Pia (Pera) e Rocco (Carbone) rivivono in questo racconto attraverso la penna di Trevi, il quale ricorda di loro non solo gli anni passati insieme, ma soprattutto ne rimarca il loro talento letterario spesso non adeguatamente riconosciuto.
Rocco è stato per l’autore quello che potremmo definire l’amico di una vita, così diversi tra loro eppure così intimamente uniti. Una persona dal carattere ostile, eternamente insoddisfatta “sempre inseguito dalle sue Furie”. Trevi lo descrive così, con parole reali, piene di stima e ammirazione per quell’amico che se non avesse avuto contro un destino così beffardo forse ce l’avrebbe fatta a convincere la scena letteraria italiana che anche se non hai un nome altisonante hai comunque qualcosa di bello da dire, qualcosa che a volte vale più di milioni copie vendute.
E poi Pia, “la signorina inglese”, “la Mary Poppins all’incontrario”, trasgressiva, piena di vita, curiosa.

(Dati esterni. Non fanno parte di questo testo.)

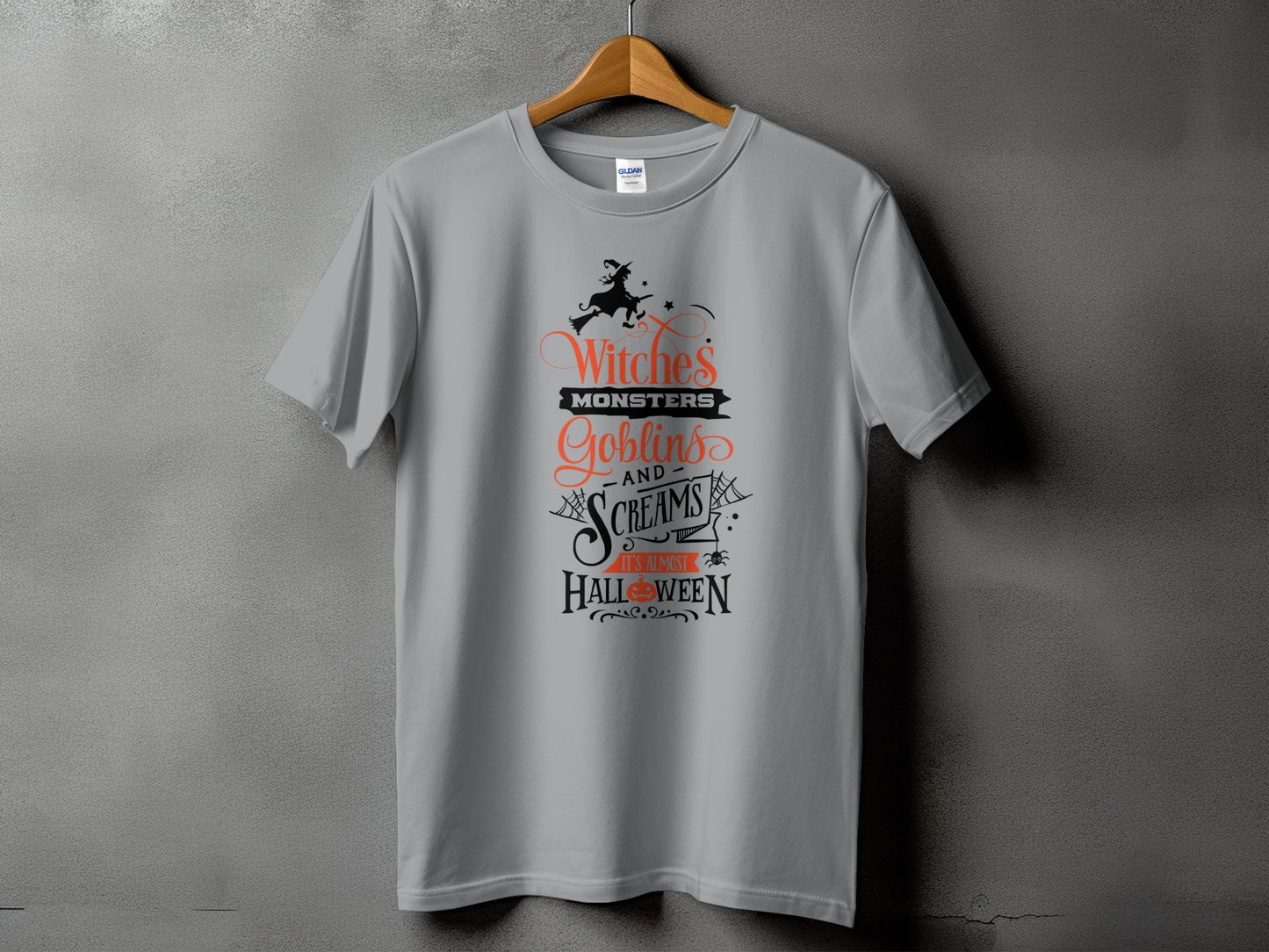 Grey t-shirt with "Witches Monsters Goblins and Screams It's Almost Halloween" text.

Scrittrice e traduttrice di capolavori russi, ancora famosa la sua traduzione Evgenij Onegin di Puškin e Un eroe del nostro tempo di Lermontov, Trevi la ricorda come una persona dall’animo irrequieto, ma comunque sempre pronta ad attutire i colpi più duri che la vita le riserverà.

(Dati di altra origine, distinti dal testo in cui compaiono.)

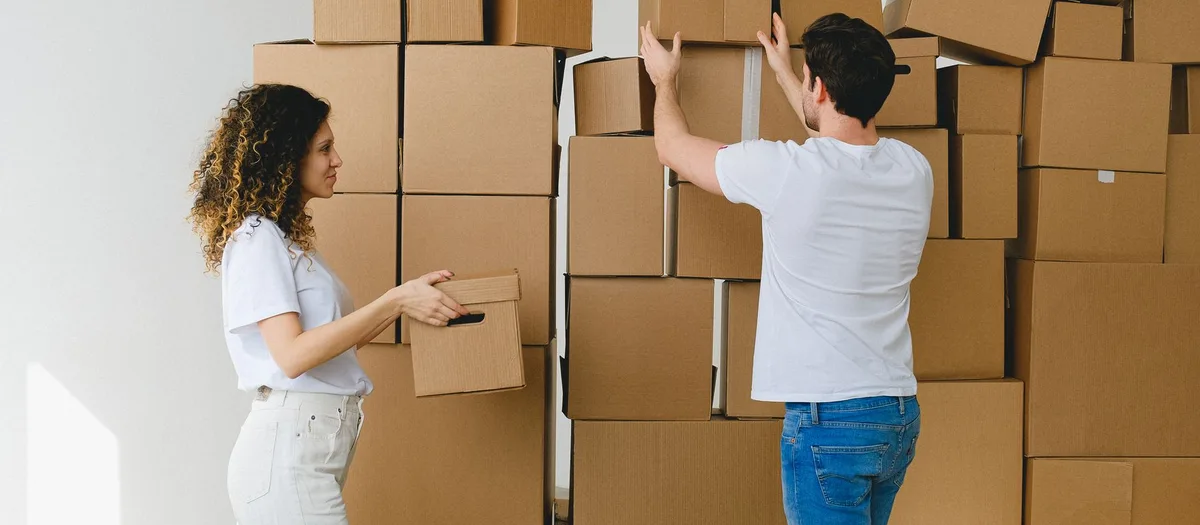 Zwei Personen stapeln unbedruckte Umzugskartons in einem leergeräumten Zimmer an einer weißen Wand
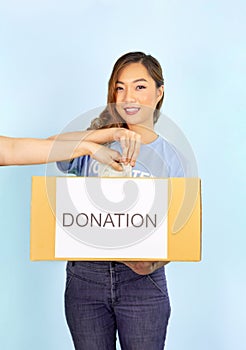 a female volunteer wears blue T-shirt holding donation box,woman hand giving banknote into donation box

È cosi, con il racconto delle persone che sono state, che Emanuele Trevi restituisce al grande pubblico le figure di due autori che i più definirebbero “di nicchia”, ma sebbene i loro nomi arrivino al pubblico meno preparato, non credo sia stato questo l’intento primo dell’autore, quanto più un’operazione privata, intima come quella di fare i conti con il “dopo”, con chi non è più nel tempo presente “la scrittura è un mezzo singolarmente buono per evocare i morti. Consiglio a chiunque abbia nostalgia di qualcuno di fare lo stesso: non pensarlo ma scriverne, accorgendosi ben presto che il morto è attirato dalla scrittura, trova sempre un suo modo inaspettato per affiorare nelle parole che scriviamo di lui, è proprio lui una buona volta”.
Scrivere per ricordare quindi, scrivere per non dimenticarli, scrivere perché tutti possano leggere di quanto bella sia stata l’amicizia di due vite.